The conflict being vented in Havana is incomprehensible without the frustration left by the past constitutional process.
By Rafael Rojas (Confidencial)
HAVANA TIMES – On November 27, hundreds of young Cuban artists and intellectuals held a sit-in for over twelve hours outside the Ministry of Culture. The initial objective was to protest against the police raid on the San Isidro Movement headquarters the night before. Several of its members, who were on hunger and thirst strike for almost a week, were arrested.
For days, that group of artists and intellectuals urged cultural institutions- the National Union of Writers and Artists of Cuba (UNEAC), Casa de las Américas and Ministry of Culture- to open a dialogue channel with San Isidro Movement to avoid any of the strikers´s death. Those institutions ignored these demands.
Unable to disperse the demonstration, the Ministry agreed to speak with 30 representatives.
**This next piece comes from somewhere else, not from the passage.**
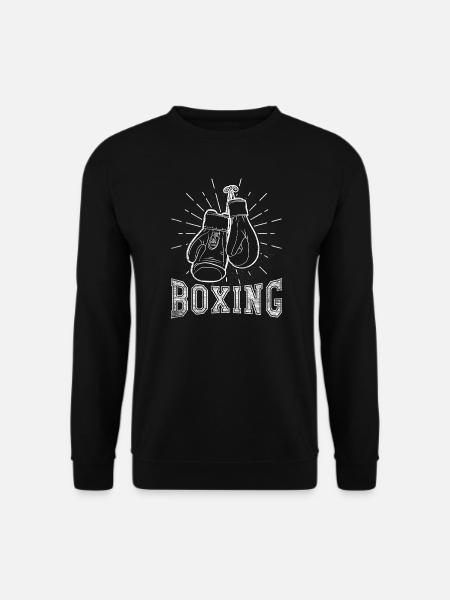 boxer - Unisex Sweatshirt - black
On the official side, a Vice Minister, two UNEAC and Hermanos Saíz Association Vice Presidents, and two museums Directors. On the protesters´ side, members of San Isidro Movement, Hannah Arendt Institute of Artivism (INSTAR) and various communities of filmmakers, artists, writers and playwrights.
Additionally, film director Fernando Perez and Actor Jorge Perogurría also participated. So, it was a group with different levels of relationship with State institutions. Some with a solid bond; others, relatively autonomous; and others, from the growing independent art movement in Cuban culture.
The topics of the debate were also diverse. Review of rapper Denis Solís’s imprisonment for “contempt”. Guarantees for independent spaces, cessation of political repression, and an end of official disqualification. However, all revolved around the obstacles to freedom of association and expression in Cuba.
The lead-up to the current conflict
The conflict taking place in Havana is incomprehensible without the frustration caused by the last constitutional process. The result was an unfinished 2019 legislation. Also, without the discontent decrees 349 and 373, limiting creative freedoms in visual arts and independent cinema, provoked in young creators.
During the following days, the dialogue was deafened by the usual monologue and government actions. This included television programs, calls for rallies, statements by the President and Foreign Minister and a notable official media offensive. All of this designed to distort the meaning of the protest and the dialogue on November 27.
According to the hegemonic narrative, what happened in the Ministry of Culture was not a peaceful and civic young peoples’ demand for certain public liberties. It was rather a “media show” and a “soft coup from Donald Trump.”
The monologue superimposed the dialogue. Nonetheless, for a few hours, we saw the face of a critical youth that wants their country’s democratization without sacrificing sovereignty.